== TASK OBJECTIVE ==
Look through the entries below for the line with "bedroom featuring ceiling" and the line with "of Ding's cabin", then give again exactly those two lines and all lines between them, minus the pictures.

== PROVIDED RECORDS ==
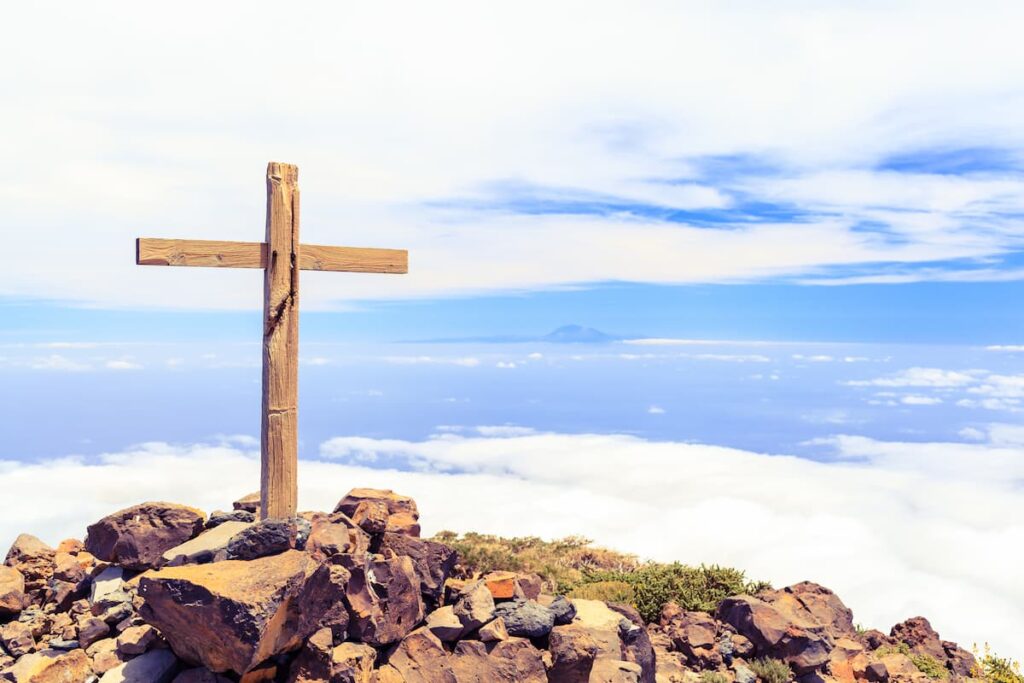 A Christian cross on a mountain.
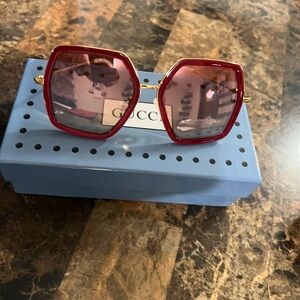 Gucci GG0106S 010 sunglasses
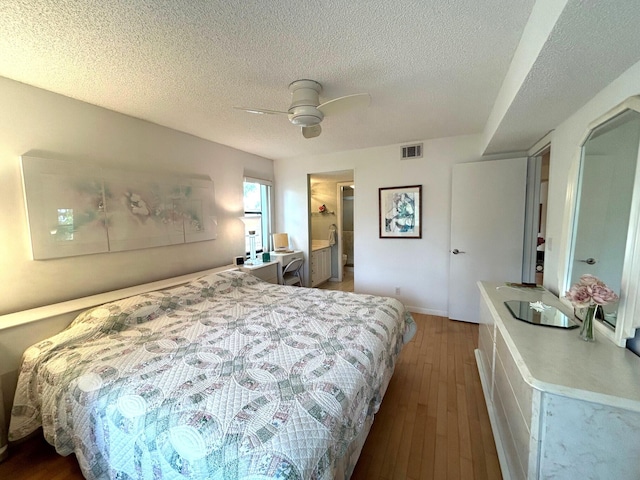 bedroom featuring ceiling fan, hardwood / wood-style flooring, and a textured ceiling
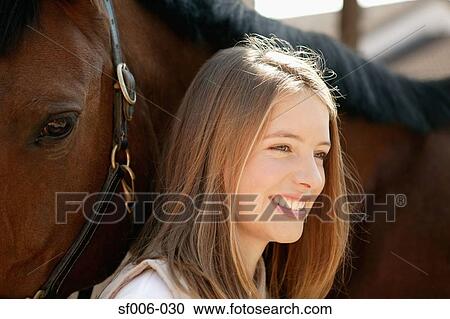 Young woman and her horse View Large Photo Image Stock Image - Young woman and her horse. Fotosearch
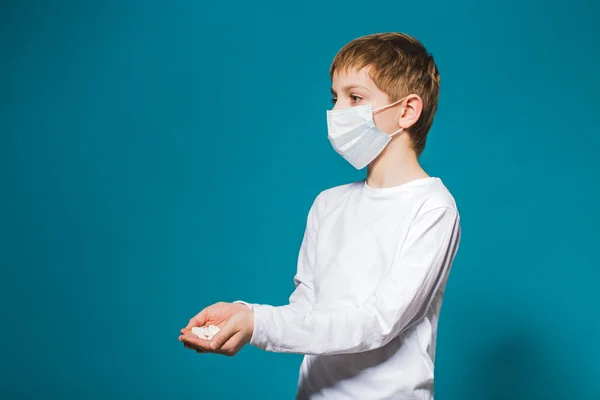 Junge mit weißer Schutzmaske hält Pillen in der Hand — Stockfoto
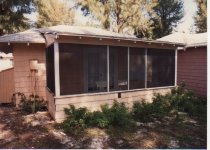 "Back of Ding's cabin at 'Tween Waters."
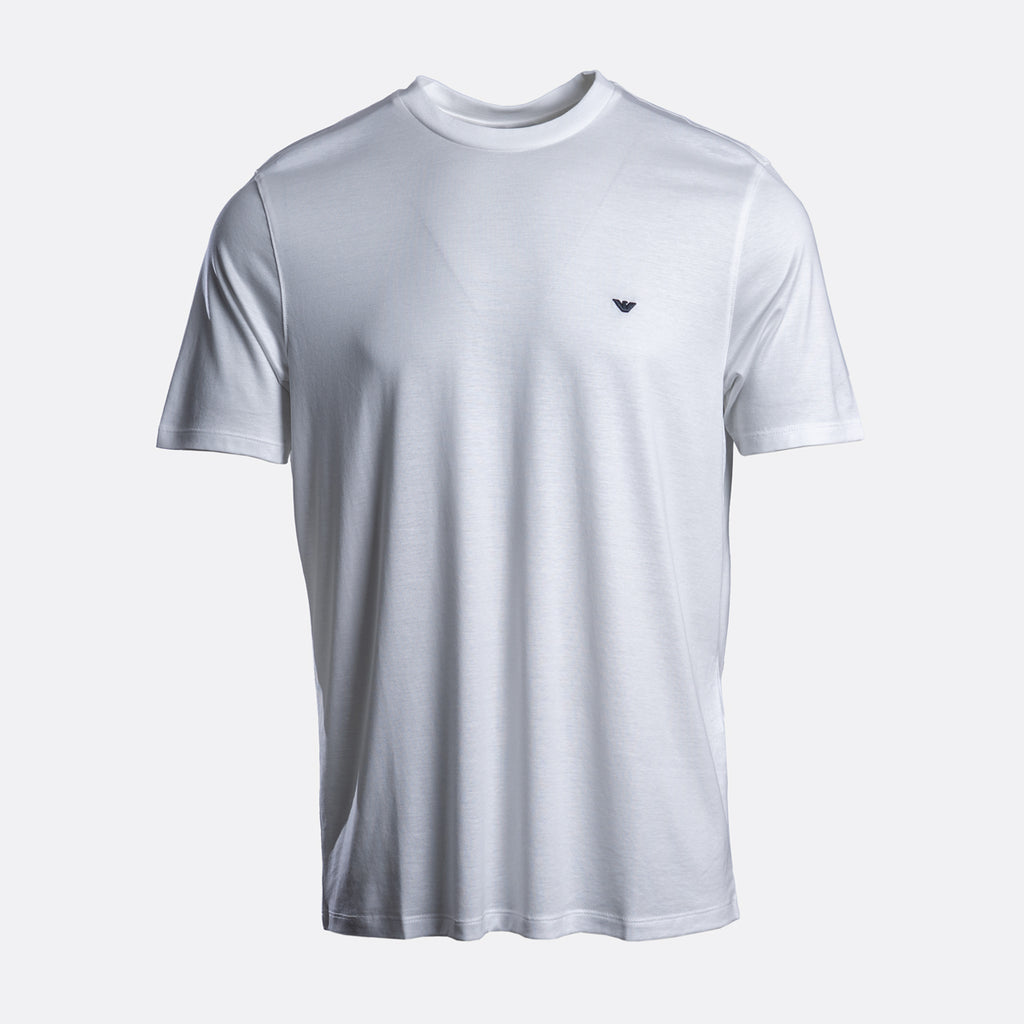 A white short-sleeve crewneck t-shirt with a small dark embroidered logo on the left chest, displayed on a light gray background. Emporio Armani T-Shirt. Sakks Menswear Southampton.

== TASK RESULT ==
 bedroom featuring ceiling fan, hardwood / wood-style flooring, and a textured ceiling
 Young woman and her horse View Large Photo Image Stock Image - Young woman and her horse. Fotosearch
 Junge mit weißer Schutzmaske hält Pillen in der Hand — Stockfoto
 "Back of Ding's cabin at 'Tween Waters."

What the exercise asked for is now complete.